Background information
- Origin: Jyväskylä, Finland
- Genres: Death-doom, melodic death metal
- Years active: 2000–present
- Labels: Firebox, Spinefarm, Svart, Century Media
- Members: Juha Raivio Mikko Kotamäki Matti Honkonen Juuso Raatikainen Juho Räihä
- Past members: Pasi Pasanen Kai Hahto Aleksi Munter Markus Jämsen Jaani Peuhu
- Website: Swallowthesun.net

= Swallow the Sun =

Finnish death-doom band

Swallow the Sun is a Finnish death-doom band founded in 2000 by Juha Raivio. The band currently consists of guitarist and founder Juha Raivio, vocalist Mikko Kotamäki, drummer Juuso Raatikainen, guitarist Juho Räihä, and bassist Matti Honkonen. Their death-doom style emphasizes melody and atmosphere, and occasionally steps into gothic and black metal territory. They have released nine studio albums, one triple album, one EP, one demo, one live album and seven singles as of 2026.

The band name originates from the long winter seasons of Finland where the Sun would be blocked for months.

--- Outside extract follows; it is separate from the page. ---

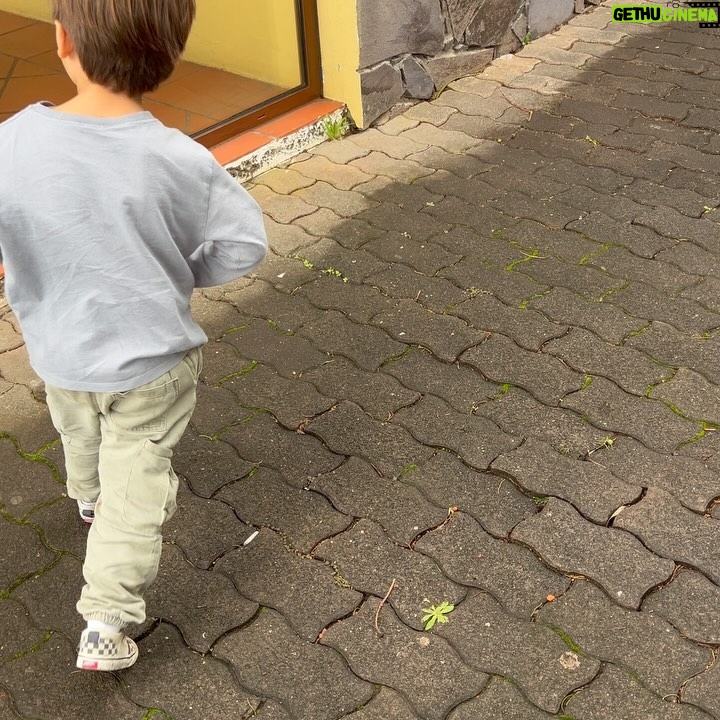 Luís Marvão Instagram - Apesar da chuva miudinha, conseguimos ver sempre o sol. ☀️ A Madeira é mesmo o mais belo jardim e foi muito bom mostrá-lo aos nossos filhos. Claaaaaro que temos sempre a sensação de virmos mais cansados do que o que fomos (nós pais) mas vale sempre tanto a pena vivermos estes momentos em família. 👨‍👩‍👧‍👦 O Zema já só queria trazer o nosso carro da @madeirarent de barco e trocar com o nosso, porque disse que este era “muito mais fixe”. Confortável foi porque dormiram todas as sestas nele 🤤 Madeira, vamos voltar em breve! 🧡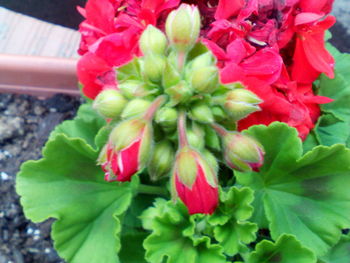 Close-up of pink flowers blooming outdoors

Its name also references Nordic myths about creatures swallowing the Sun from the sky, usually signifying the end of the world.

==History==
=== Formation and The Morning Never Came (2000–2004) ===
Swallow the Sun was formed in early 2000 by Juha Raivio, soon joined by Pasi Pasanen (both had played together in Plutonium Orange). They rehearsed a couple of songs, one of them being "Through Her Silvery Body" which would end up on their first demo, Out of This Gloomy Light. In 2001, Markus Jämsen, whom Raivio and Pasanen already knew from their earlier bands, joined as a second guitarist, and Mikko Kotamäki from Funeris Nocturnum as singer; then Aleksi Munter (keyboards) and Matti Honkonen (bass), also of Funeris Nocturnum, joined the band. In the spring of 2002 they started arranging songs for the demo Out of This Gloomy Light which was recorded in January 2003 at Sam's Workshop with Sami Kokko, who also mixed the demo.

A record deal with Firebox Records was signed a few months after the recordings of the demo, and Swallow the Sun entered studio at late July 2003. During the following three weeks they recorded their debut album, The Morning Never Came.

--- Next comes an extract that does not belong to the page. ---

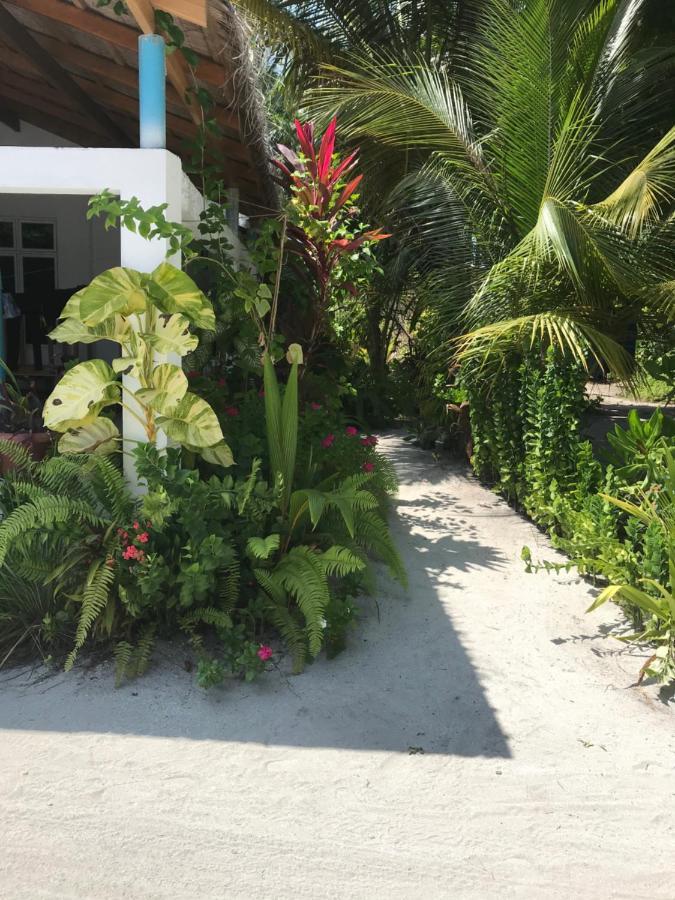Malas Island View Fulidhoo Luaran gambar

=== Ghosts of Loss (2005–2006) ===
In February 2005, Swallow the Sun released their second album, Ghosts of Loss. Their single, "Forgive Her...," gained fourth place on the Finnish Top 20 singles chart in its first week of release, and stayed on the charts for six weeks. Their album entered the charts as well: No. 8 in between Gwen Stefani and System of a Down. Some of the album's songs have connections to the TV show Twin Peaks.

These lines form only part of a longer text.